La musica negli ultimi 10 anni è cambiata radicalmente.

I mezzi di fruizione hanno permesso la creazione di spazi virtuali dentro cui gli artisti indipendenti hanno saputo sempre più spesso ritagliarsi una fetta di popolarità sempre più grossa. Ricordo bene come l’uscita di “Orgasmo” di Calcutta alla mezzanotte del 15 dicembre del 2017 eclissò completamente la vittoria di Lorenzo Licitra a X Factor. Voi lo ricordate Lorenzo Licitra? Io no. Con la lentezza che si concede a un organo istituzionale, anche Sanremo negli ultimi tempi si è aperto alla musica ascoltata e suonata davvero in Italia.

Progressivamente sono rientrati nel cast sempre meno fenomeni che del sudore di un tour non sapevano nulla. D’altro canto abbiamo visto sempre più progetti come gli Zen Circus, Ex Otago o Motta, che invece di palchi ne hanno calcati tanti. Intendiamoci, la quota “alternativa” c’è da decenni ma i risultati sono sempre stati scarsi. Il secondo posto de Lo Stato Sociale nel 2018 e il terzo posto dei Pinguini Tattici Nucleari dello scorso anno hanno sicuramente il sapore di un cambiamento non tanto per i brani portati all’Ariston quanto per aver avuto il merito di aver portato fuori dal ghetto l’intera “scena” indipendente, culmine di un processo iniziato una decina di anni fa.

Ma che fine faranno i vari Riki, Giordana Angi e compagnia cantando?

La soluzione gliela suggeriscono alcuni loro predecessori.

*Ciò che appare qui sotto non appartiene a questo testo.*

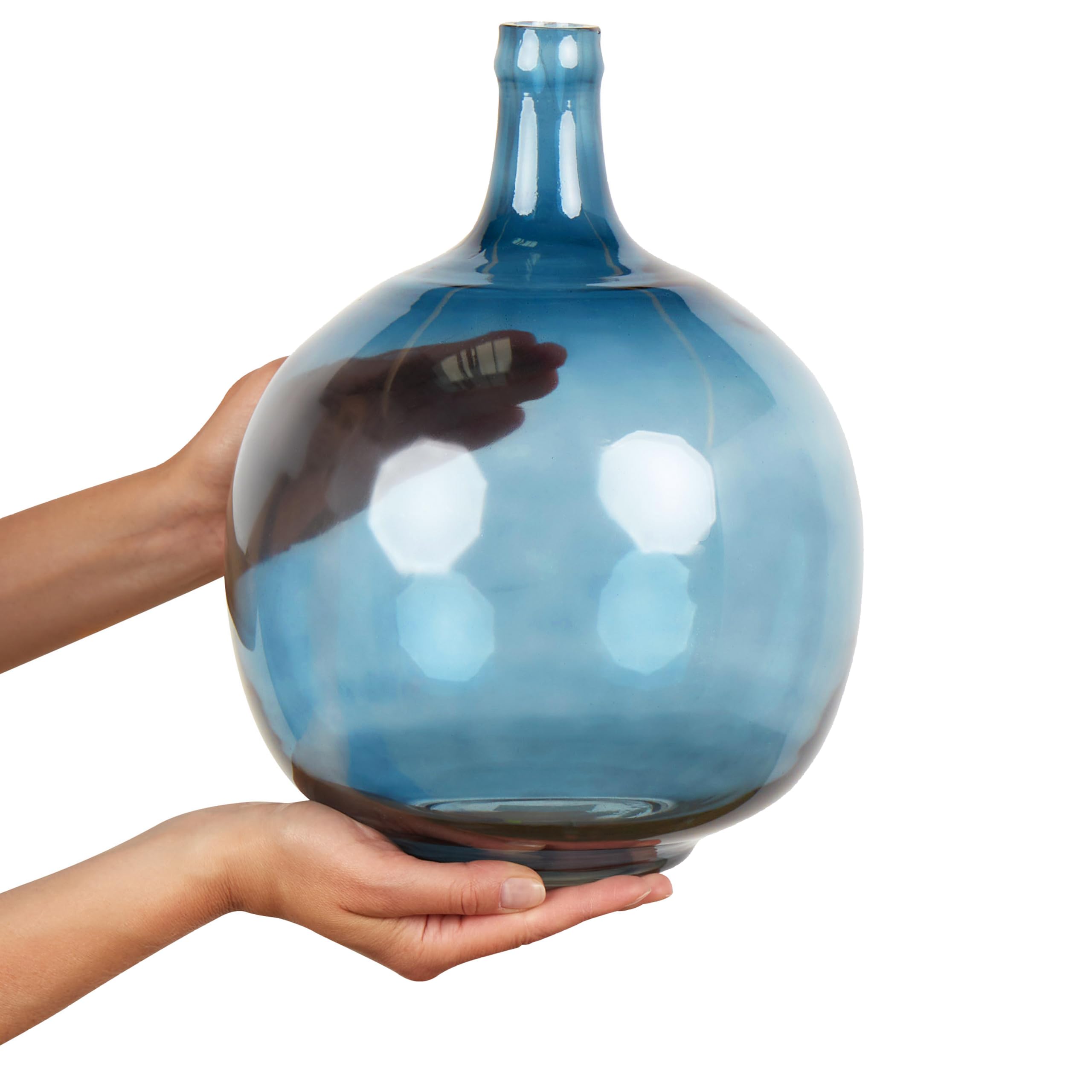 beliani-chappathi-dekovase-glas-blau-31-cm-handgefertigt image 4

L’esempio più lampante è quello di Francesca Michielin che dopo i suoi esordi tra X Factor e Sanremo, si è messa sotto e ha studiato. È riuscita a riabilitare completamente la sua figura artistica collaborando con Calcutta, Tommaso Paradiso e Cosmo prima e poi con Charlie Charles, Fabri Fibra, Giorgio Poi ecc. Un cambio di rotta molto intelligente. Notevole anche l’evoluzione di Elodie che in “This is Elodie” si è servita di collaborazioni importanti come quella di Dardust e Mahmood. O il caso più recente di Michele Bravi che, uscito da un periodo terribile, sembra aver trovato i favori della critica col disco La geografia del buio.

Insomma, se si è arrivati troppo presto in cima è troppo facile scivolare nel dimenticatoio. Ma se si ha la forza di reinventarsi, studiare, sgobbare perché fare musica è la propria esigenza, la propria urgenza, allora sarà difficile smettere di brillare.